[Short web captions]
= = = = =
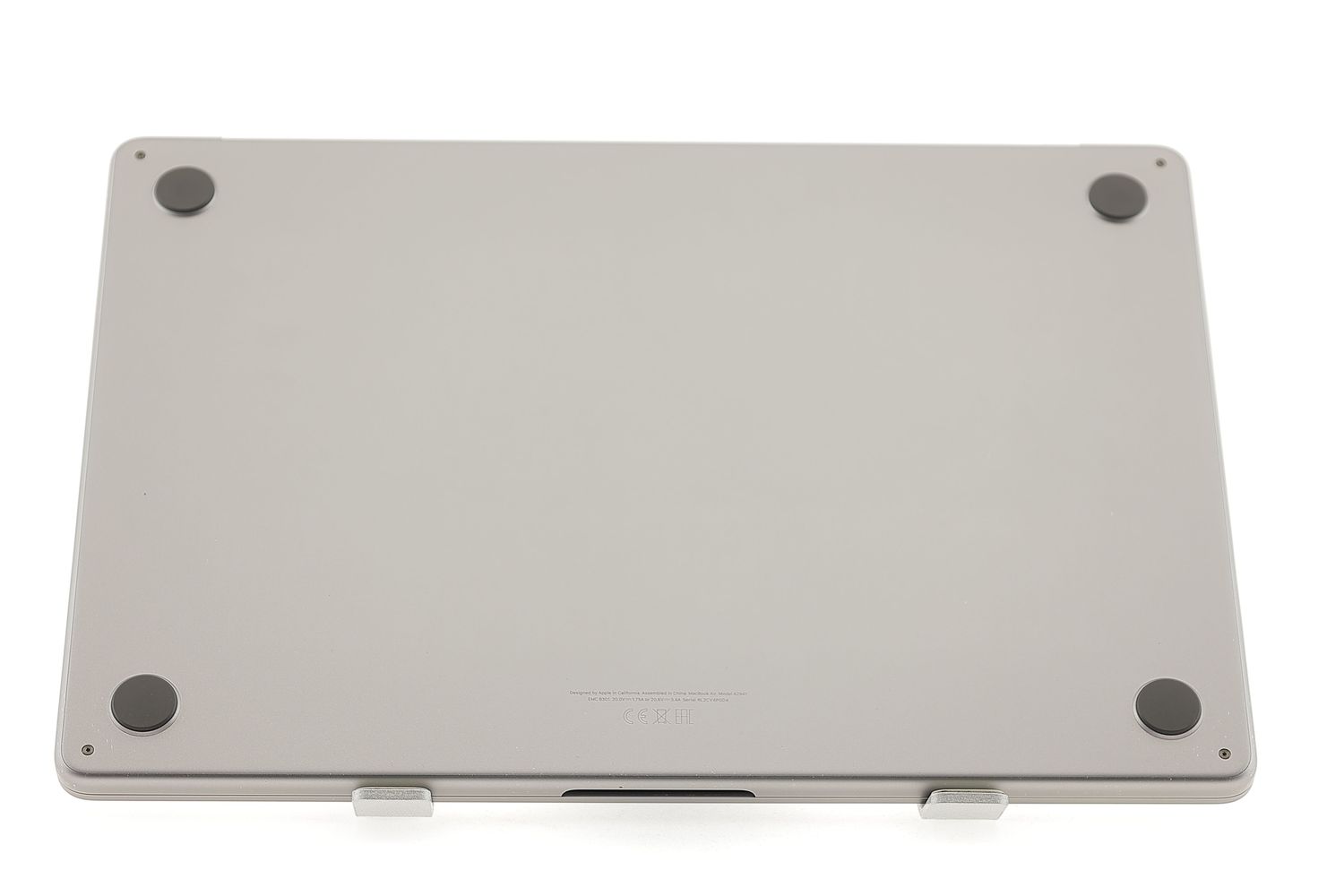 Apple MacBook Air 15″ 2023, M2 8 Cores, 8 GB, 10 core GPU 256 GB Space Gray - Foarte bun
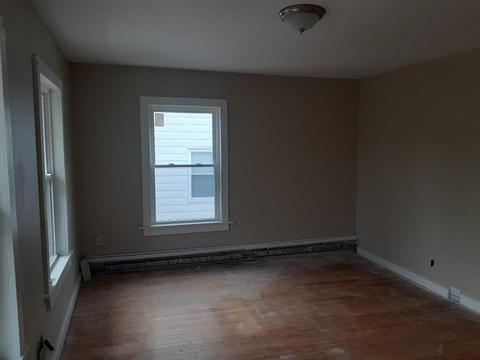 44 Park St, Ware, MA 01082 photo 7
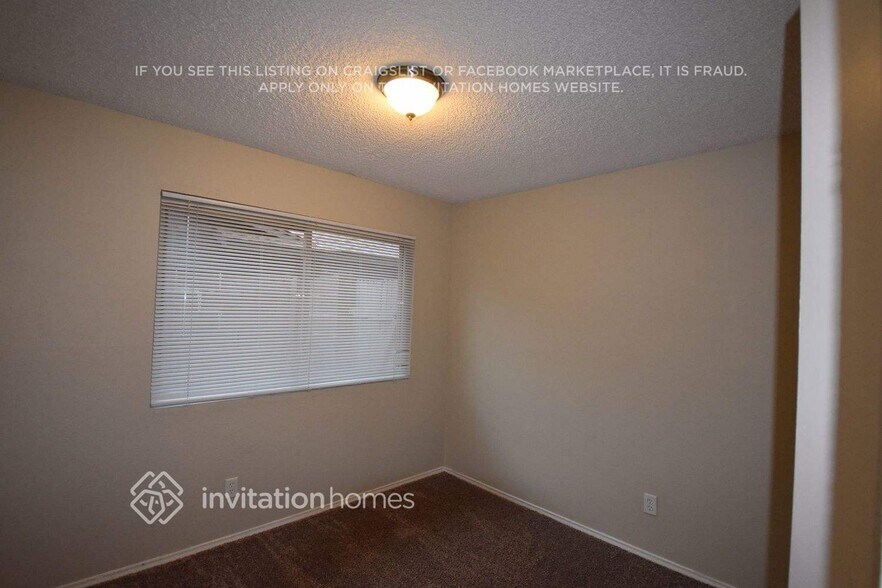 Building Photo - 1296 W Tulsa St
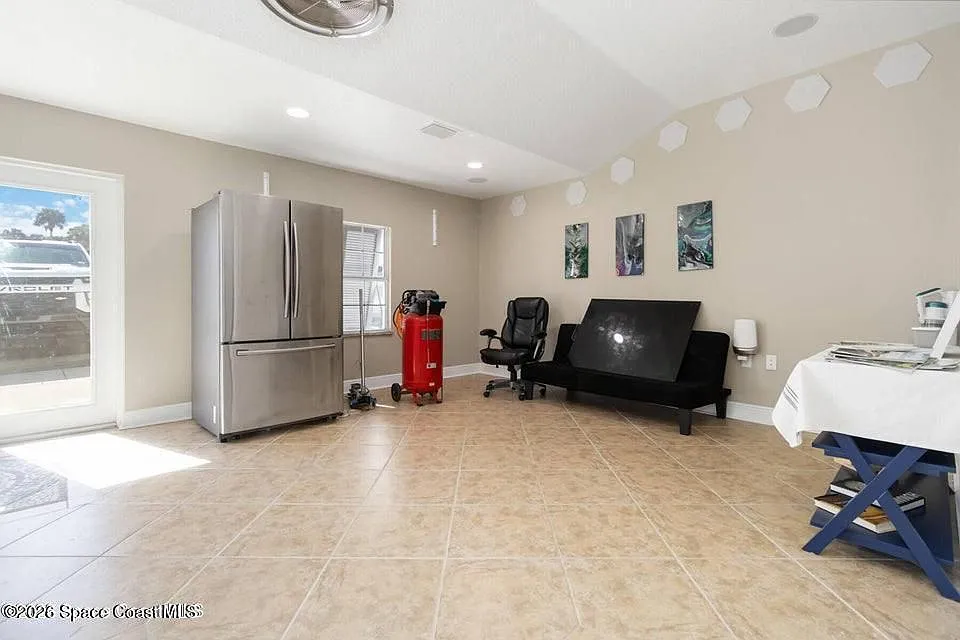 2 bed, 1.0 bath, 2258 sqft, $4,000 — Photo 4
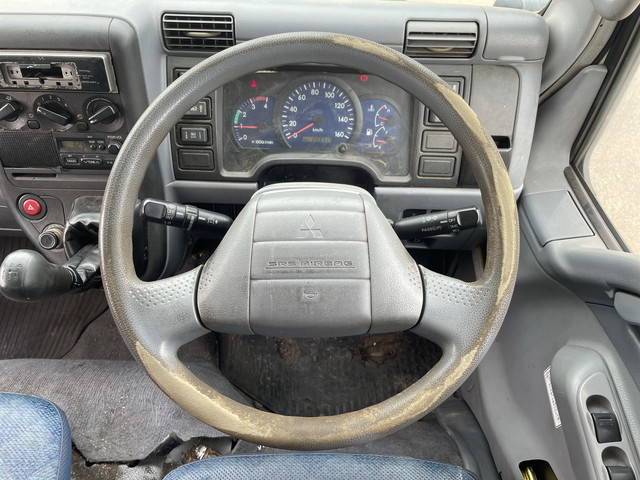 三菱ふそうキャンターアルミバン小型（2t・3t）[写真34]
= = = = =
**Work order**.
Could you set down nothing but the lines from the one containing "2 bed, 1.0 bath, 2258 sqft, $4,000 — Photo 4" through the last line of the records above, both ends included, exactly as given and free of pictures?

**Answer box**.
 2 bed, 1.0 bath, 2258 sqft, $4,000 — Photo 4
 三菱ふそうキャンターアルミバン小型（2t・3t）[写真34]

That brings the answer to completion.